Chicago @ San Diego preview
Petco Park
Last Meeting ( Sep 27, 2010 ) Chi. Cubs 1, San Diego 0
One night after facing the hottest pitcher in the game, the San Diego Padres will send out a pitcher running on fumes.
Mat Latos starts Tuesday night for the Padres as they host the second of a critical four-game series with the Chicago Cubs.
The Padres ran into a buzzsaw in their 1-0 loss in the opener of this series. Chicago right-hander Carlos Zambrano yielded just three hits over seven scoreless frames to improve to 7-0 with a 1.26 ERA in 10 starts since returning from his suspension. He did not allow a hit after the third inning.
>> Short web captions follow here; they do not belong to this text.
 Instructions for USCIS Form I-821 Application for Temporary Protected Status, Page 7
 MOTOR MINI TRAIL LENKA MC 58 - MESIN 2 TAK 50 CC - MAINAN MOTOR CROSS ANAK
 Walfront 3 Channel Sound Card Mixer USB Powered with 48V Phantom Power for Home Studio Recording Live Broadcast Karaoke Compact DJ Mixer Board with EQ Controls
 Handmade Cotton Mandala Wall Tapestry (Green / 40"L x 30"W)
Blake DeWitt provided Zambrano with all the support he needed when he drove in Alfonso Soriano with a base hit in the seventh.
The loss dropped the Padres (87-69) one game behind the San Francisco Giants (88-68) in the NL West with six games to play and one-half game back of the Atlanta Braves (88-69) for the wild card. The Colorado Rockies (83-73) are 4 1/2 games behind Atlanta and five back of San Francisco.
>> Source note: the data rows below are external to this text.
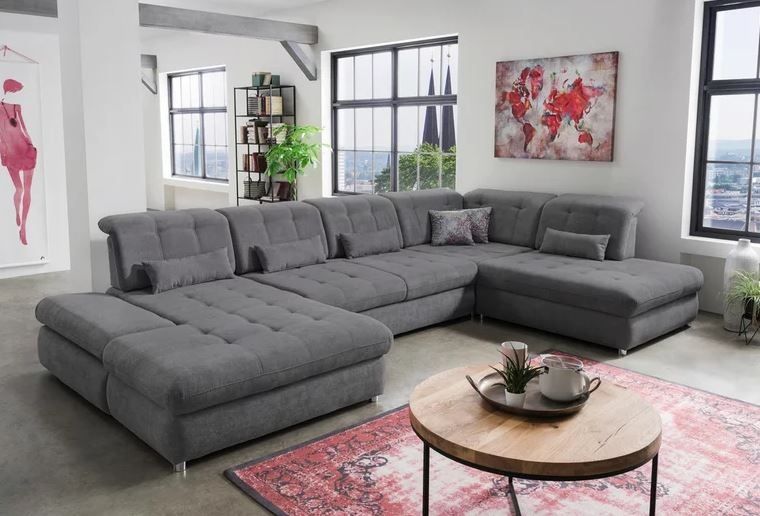 XXL Wohnlandschaft Schlaffunktion 2 Bettkasten Grau Webstoff B-Ware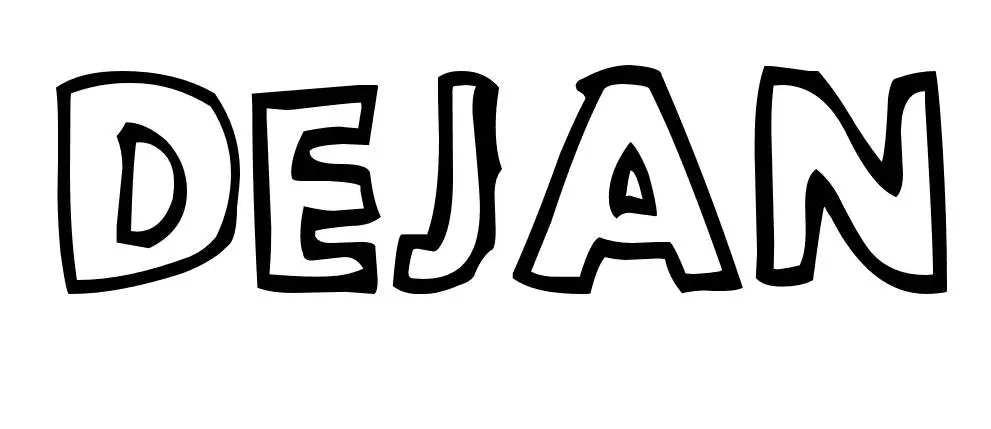 Coloriage Dejan - Prénom à imprimer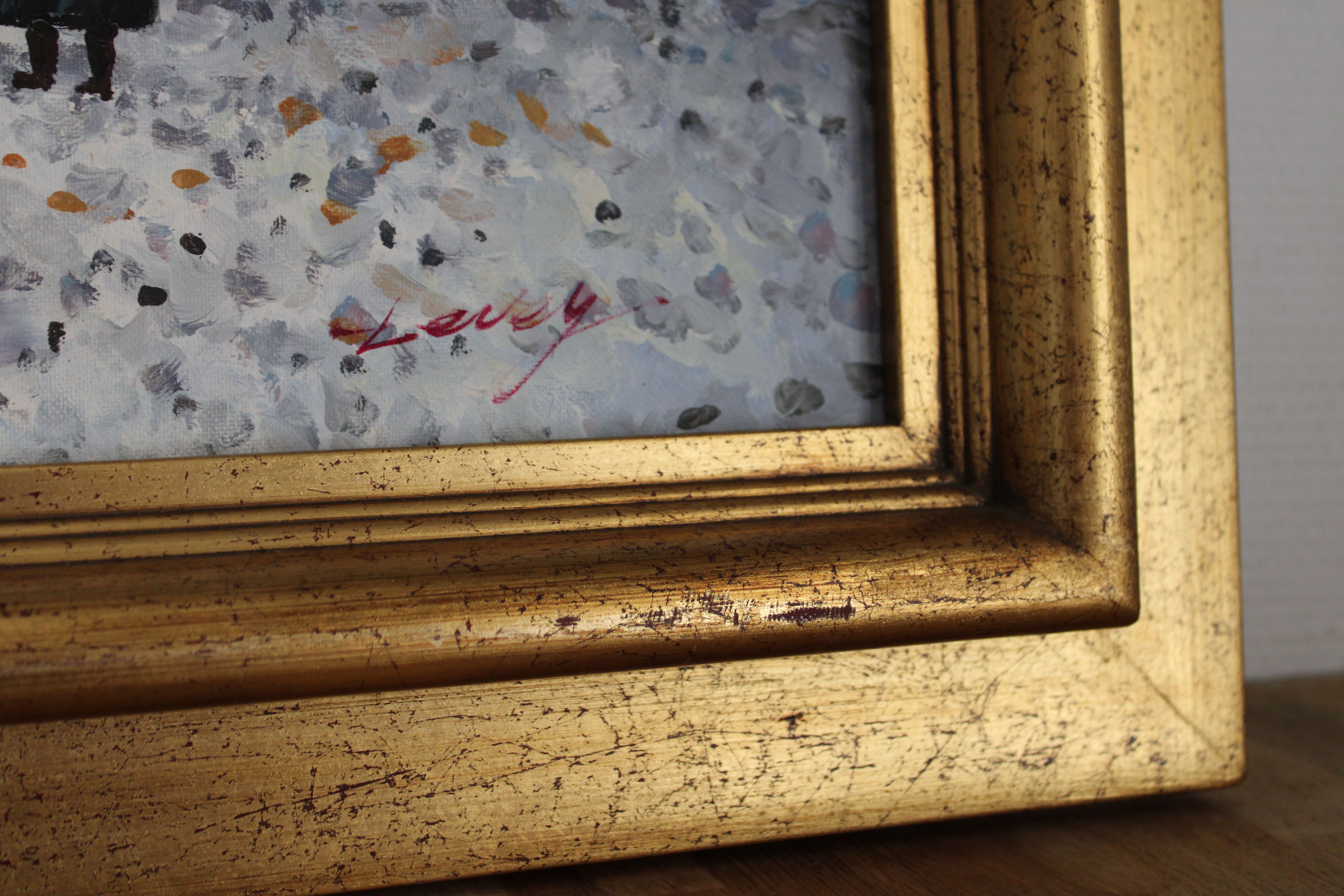 Painting signed the Moulin Rouge under the snow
Now, the Padres need Latos (14-8, 2.91 ERA) to snap out of his funk.
The 22-year-old was as hot as Zambrano prior to his last three starts, setting a major-league record with 15 straight starts allowing two runs or less from June 10-Sept. 7. He was 9-1, 1.49 ERA during that stretch.
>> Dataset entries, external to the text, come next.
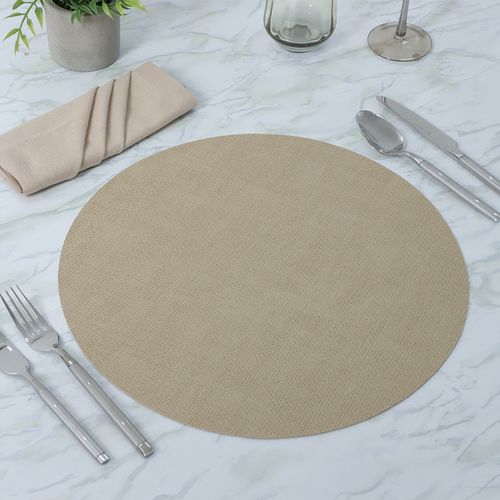 Individual de mesa redondo beige 38 cm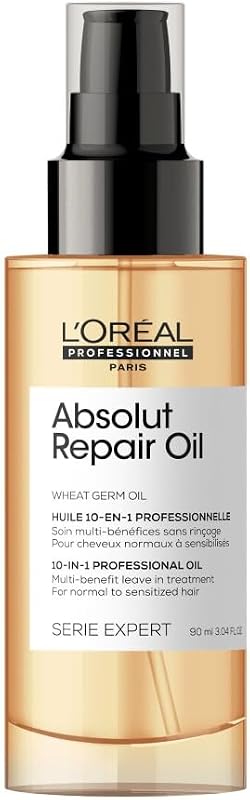 L'Oreal Professionnel Absolut Repair 10-in-1 Leave-In Hair Oil - Dry & Damaged Hair - Thermoprotective Spray W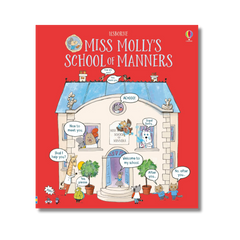 Book cover of 'Miss Molly's School of Manners' with a red background and illustrations of a school building and children.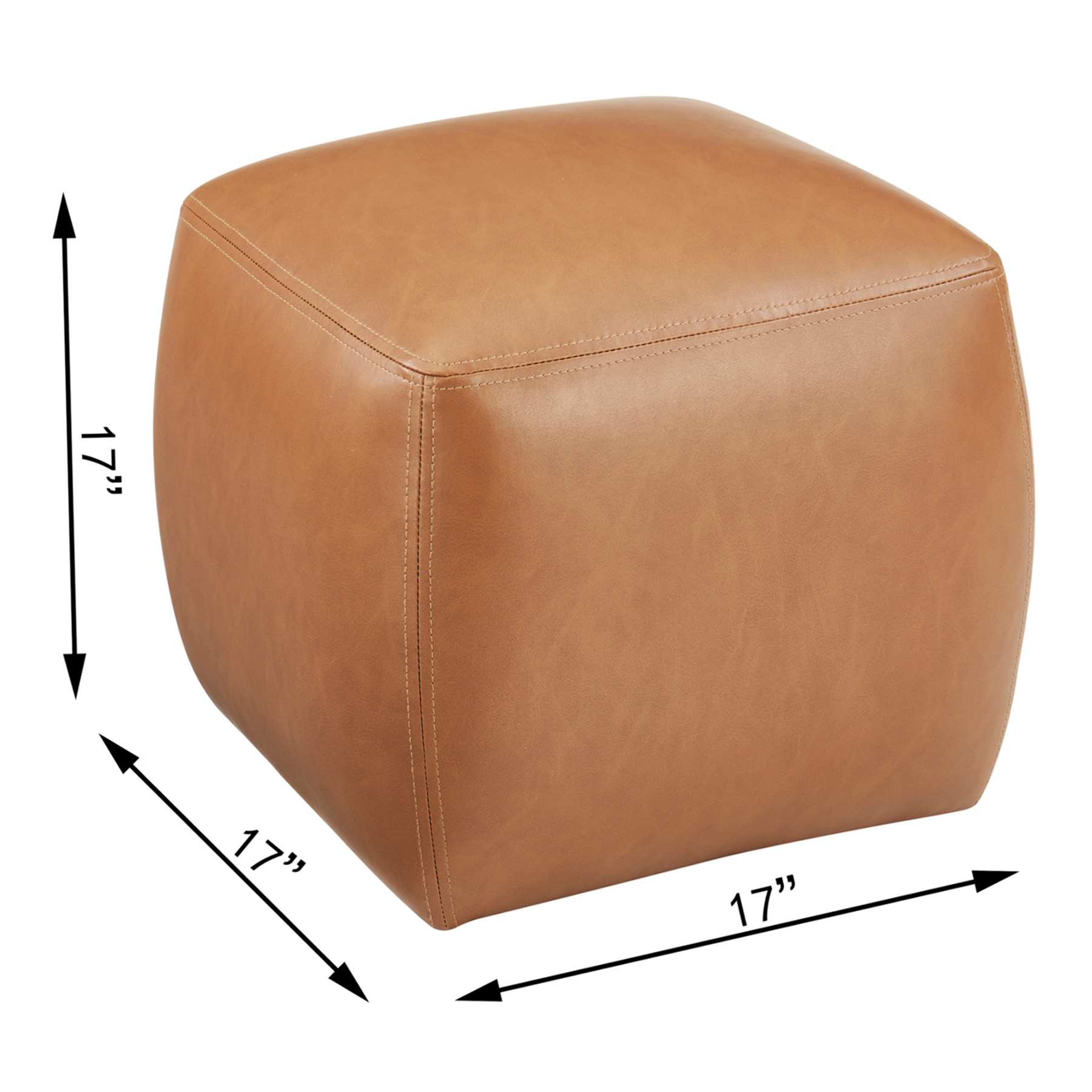 Honeybloom Beau Faux Leather Ottoman, Cognac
That pitcher is nowhere to be found right now.
Latos has lost his last three starts, getting pounded for 16 runs and 22 hits in just 10 1/3 innings. In his last appearance Thursday against the Los Angeles Dodgers, the 11th-round pick in 2006 made it through five innings, allowing three runs and six hits in a 3-1 loss.
Both the hurler and Padres manager Bud Black insist that injury and fatigue are not issues with Latos, who will have to be near perfect in this one. San Diego hasn’t scored in 16 innings and has just 14 runs in its last six games.
Fatigue might be setting in on Chicago starter Ryan Dempster (14-11, 3.87 ERA). The 33-year-old is coming off the shortest start of his career, allowing nine runs and seven hits while recording just five outs in the 13-0 thrashing against San Francisco on Thursday.
Prior to that embarrassment, Dempster was 10-5 with a 3.30 ERA in his previous 18 starts. The former closer joins Zambrano has the only two pitchers since 1999 to pitch 200 innings in three consecutive innings for the Cubs.